A parody of 1920s romantic musicals, The Drowsy Chaperone begins with a modern-day musical theatre addict, the Man in Chair, who, to chase his blues away, drops the needle on his favourite LP, the 1928 musical comedy The Drowsy Chaperone. From the crackle of his hi-fi, the musical bursts to life on stage, telling the tale of a pampered Broadway starlet who wants to give up show business to get married, her producer who sets out to sabotage the nuptials, her chaperone (Elaine Paige), the debonair groom, the dizzy chorine, the Latin lover and a pair of gangsters who double as pastry chefs.

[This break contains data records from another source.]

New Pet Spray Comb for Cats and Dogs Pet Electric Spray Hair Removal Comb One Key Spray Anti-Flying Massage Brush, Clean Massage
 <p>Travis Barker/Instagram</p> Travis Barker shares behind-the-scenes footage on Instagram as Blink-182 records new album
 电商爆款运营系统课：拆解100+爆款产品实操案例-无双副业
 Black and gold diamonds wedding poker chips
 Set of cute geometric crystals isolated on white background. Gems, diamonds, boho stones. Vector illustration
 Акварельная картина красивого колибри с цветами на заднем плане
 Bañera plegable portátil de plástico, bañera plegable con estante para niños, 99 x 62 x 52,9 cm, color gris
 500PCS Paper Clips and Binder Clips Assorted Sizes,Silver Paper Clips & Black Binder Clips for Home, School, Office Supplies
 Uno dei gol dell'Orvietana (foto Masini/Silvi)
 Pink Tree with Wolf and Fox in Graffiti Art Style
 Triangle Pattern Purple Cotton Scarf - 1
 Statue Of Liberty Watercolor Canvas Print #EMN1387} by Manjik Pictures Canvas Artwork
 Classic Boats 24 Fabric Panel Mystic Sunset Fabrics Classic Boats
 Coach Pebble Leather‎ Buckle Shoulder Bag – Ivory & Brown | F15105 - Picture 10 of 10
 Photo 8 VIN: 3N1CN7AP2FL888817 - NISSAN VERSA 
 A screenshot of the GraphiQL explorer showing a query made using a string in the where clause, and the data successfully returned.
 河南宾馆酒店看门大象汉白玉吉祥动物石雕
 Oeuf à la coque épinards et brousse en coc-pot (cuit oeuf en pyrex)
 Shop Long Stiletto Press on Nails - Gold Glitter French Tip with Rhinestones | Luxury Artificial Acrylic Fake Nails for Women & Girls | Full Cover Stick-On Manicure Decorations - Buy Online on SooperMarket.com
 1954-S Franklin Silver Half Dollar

As part of the League of Gentlemen, Steve Pemberton won the Perrier Award for comedy, a BAFTA and the Golden Rose of Montreux Award. The troupe’s acclaimed, cult BBC2 TV show spawned two live stage productions and two feature films. Pemberton’s other credits include Churchill: The Hollywood Years and The Hitchhiker's Guide to the Galaxy on film, and Art (with his fellow Leaguers, Mark Gatiss and Reece Shearsmith), The Rocky Horror Show (which he narrated) and The Exonerated.
In addition to Martin/Pemberton and Paige, The Drowsy Chaperone also features Summer Strallen, Nickolas Grace, John Partridge, Selina Chilton, Joseph Alessi, Anne Rogers, Nick Holder, Enyoman Gbesmete, Cameron Jack, Adam Stafford and Sean Kinglsey. It has music and lyrics by Lisa Lambert and Greg Morrison and a book by Don McKellar and Martin. Broadway’s Casey Nicholaw, who made his West End debut with his choreography on Spamalot, both choreographs and directs.
The Drowsy Chaperone, which started life in 1998 as a sketch for a stag do in Toronto, opened at the Marquis Theatre in New York in May last year and won five 2006 Tony Awards, including Best Book and Best Score. It opened on 6 June 2007 (previews from 14 May 2007) in the West End (See WOS TV, 7 Jun 2007).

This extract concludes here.